Supplied data »

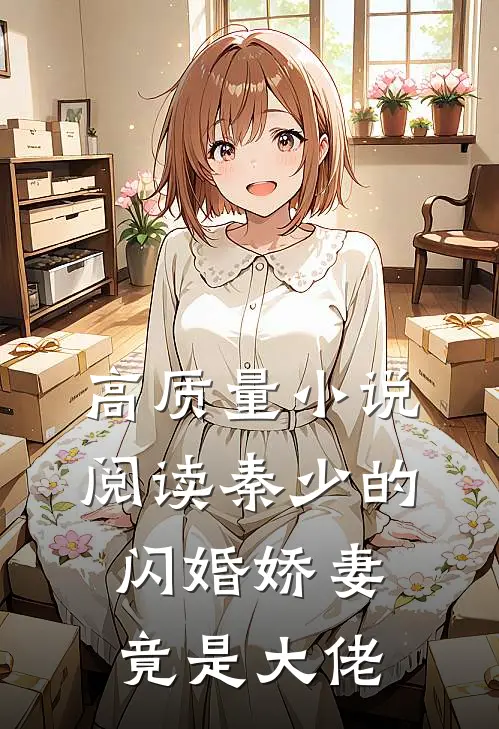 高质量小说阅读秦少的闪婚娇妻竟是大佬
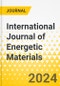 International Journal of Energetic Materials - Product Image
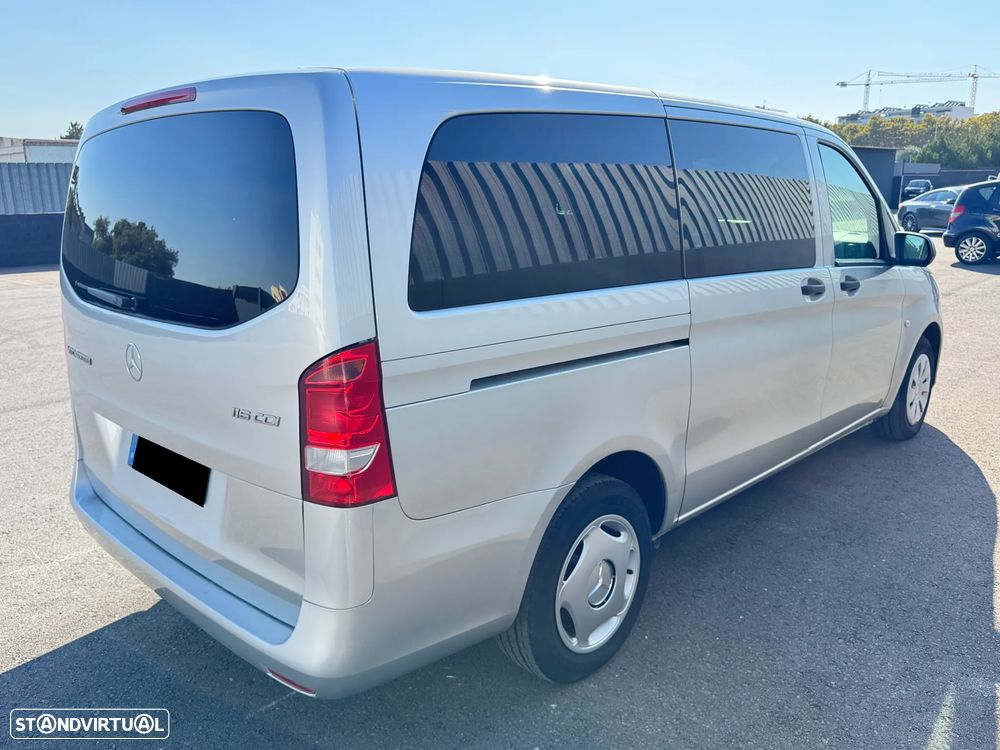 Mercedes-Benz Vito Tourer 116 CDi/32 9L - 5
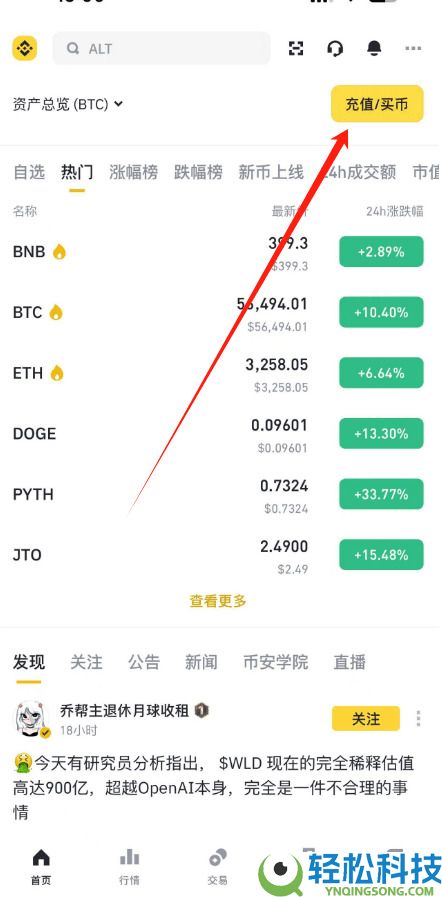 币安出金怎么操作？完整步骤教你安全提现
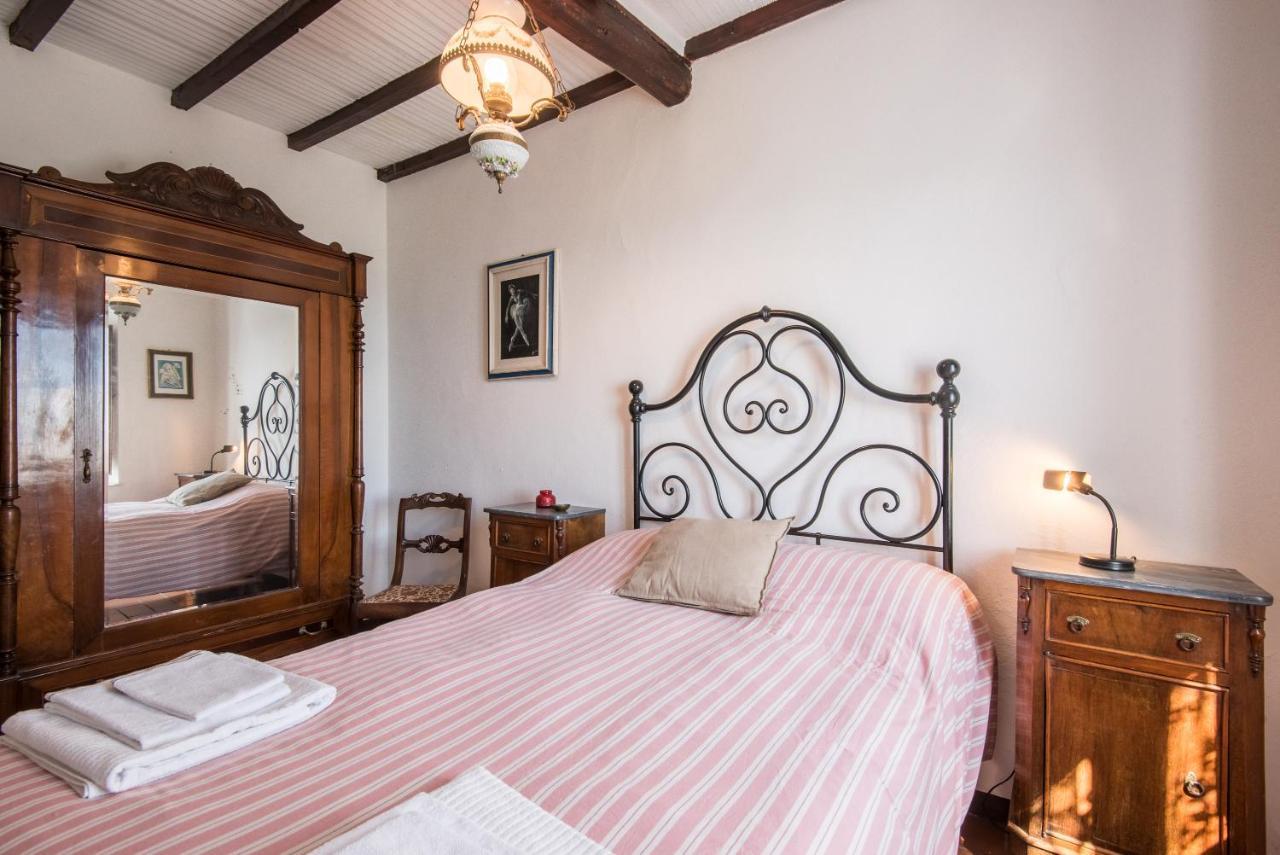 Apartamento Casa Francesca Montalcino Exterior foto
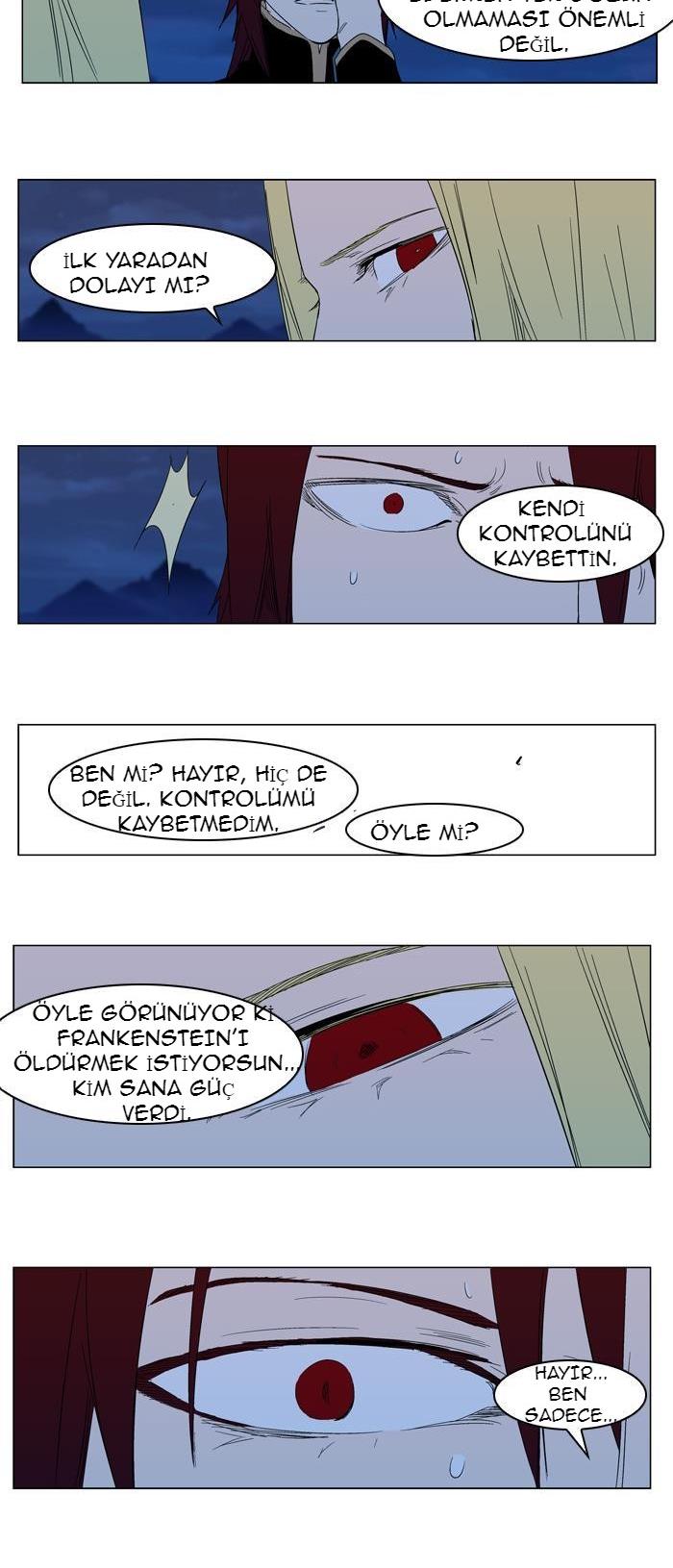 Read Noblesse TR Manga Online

Your objective »
Reproduce every record above exactly as given, excluding pictures from the result.

Task output »
 高质量小说阅读秦少的闪婚娇妻竟是大佬
 International Journal of Energetic Materials - Product Image
 Mercedes-Benz Vito Tourer 116 CDi/32 9L - 5
 币安出金怎么操作？完整步骤教你安全提现
 Apartamento Casa Francesca Montalcino Exterior foto
 Read Noblesse TR Manga Online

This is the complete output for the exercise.